Celebramos que suenen en nuestras salas las partituras para piano escritas por Cécile Chaminade. Los flautistas conocen, aplauden y valoran muy bien su famoso Concertino, pero los pianistas no le prestan mucha atención a su producción pianística, que es notoria. Interesada en la composición de grandes formas musicales, hubo de renunciar a ellas por razones prácticas y económicas, dedicándose fundamentalmente a las canciones con acompañamientos simples, y a las composiciones sencillas para piano, accesibles a cualquiera que posea una técnica o unas cualidades más o menos solventes.
Sir Stephen Hough presentó tres de estas piezas para piano, Automne, Autrefois y Les Sylvains, que son, sin llegar a ser grandes obras, partituras interesantes, agradables, y virtuosas a la vez.

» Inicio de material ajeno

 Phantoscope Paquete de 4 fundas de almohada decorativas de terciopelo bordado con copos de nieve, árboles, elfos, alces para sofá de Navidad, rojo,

Todas poseen una estructura evidente que facilita la escucha; pero también gozan de sutiles y sorprendentes contrapuntos, de detalles ocultos que el pianista inglés supo trasladar sin dificultad, equilibrando con precisión los planos sonoros, y apoyándose con suavidad en el pedal, y con delicadeza en el fraseo. Resultó llamativo el tratamiento de los trinos —recordando vagamente a la tradición clavecinista francesa de Couperin— Rameau y, por qué no incluirla también, Jacquet de la Guerre, otra magnífica compositora francesa. Habríamos escuchado también el Théme varié, pero fue sustituida por la Sonatina nostálgica, del propio Stephen Hough.
Con esta obra se abrió la segunda parte. Se trata de una pieza, efectivamente, de carácter nostálgico, tal y como nos explicó el compositor, muy breve y con una estructura clásica de tres movimientos, con sus velocidades opuestas, que aluden a lugares característicos de personal importancia para el pianista. La música comunica por sí misma con total propiedad, independientemente de sus evocaciones, con un lenguaje rítmico y armónico asequible que tiene la feliz cualidad de trabajar por el material temático sin perderse en divagaciones innecesarias.

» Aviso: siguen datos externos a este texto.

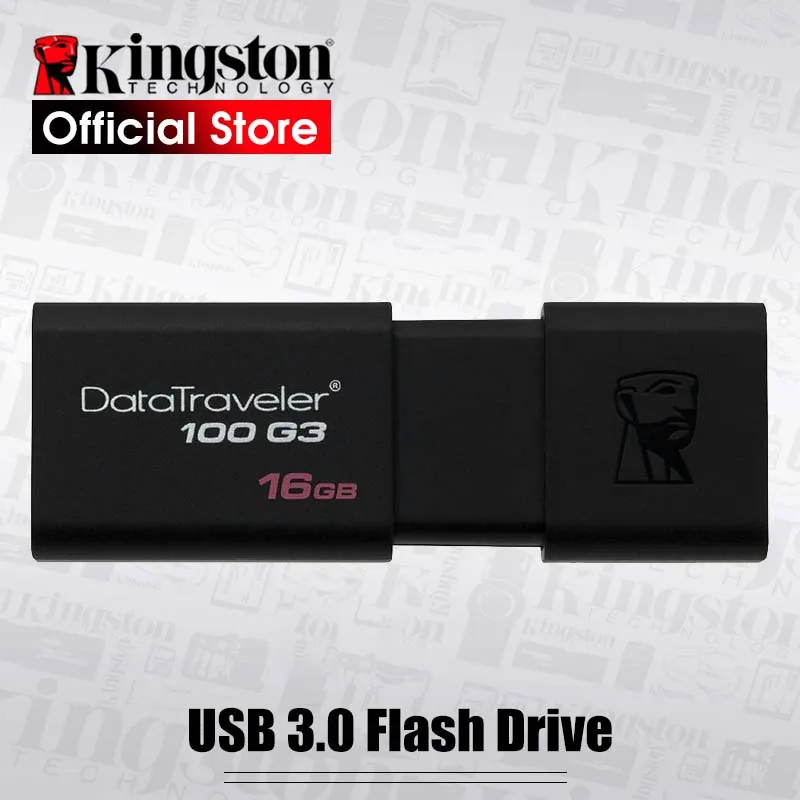 Kingston – clé USB 128 DT100G3, support à mémoire de 16GB 32GB 64GB 3.0 GB, lecteur Flash haute vitesse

Porque eso, precisamente, es la sensación que se produce a veces con las grandes obras del piano romántico cuando no son acometidas con toda perfección. En su brillante arquitectura, la Sonata en si menor de Liszt, requiere un trato exquisito del discurso, una claridad sin fisuras en el fraseo y, merece la pena reconocerlo, una pulcritud en el enunciado de las notas, que no deben ser emborronadas con el pedal. La velocidad, o más bien su exceso, suele ser el principal enemigo de la expresión artística. Por el contrario a estas sensaciones, disfrutamos en la interpretación de esta obra de la calidad de un sonido intenso, controlado, y peculiarmente interesante en los pasajes más serenos. No obstante los contras apreciados, hay que reconocer que es difícil concentrarse en interpretar una de las obras cumbre del siglo XIX cuando todo el mundo se pone de acuerdo en toser enérgicamente durante el proceso.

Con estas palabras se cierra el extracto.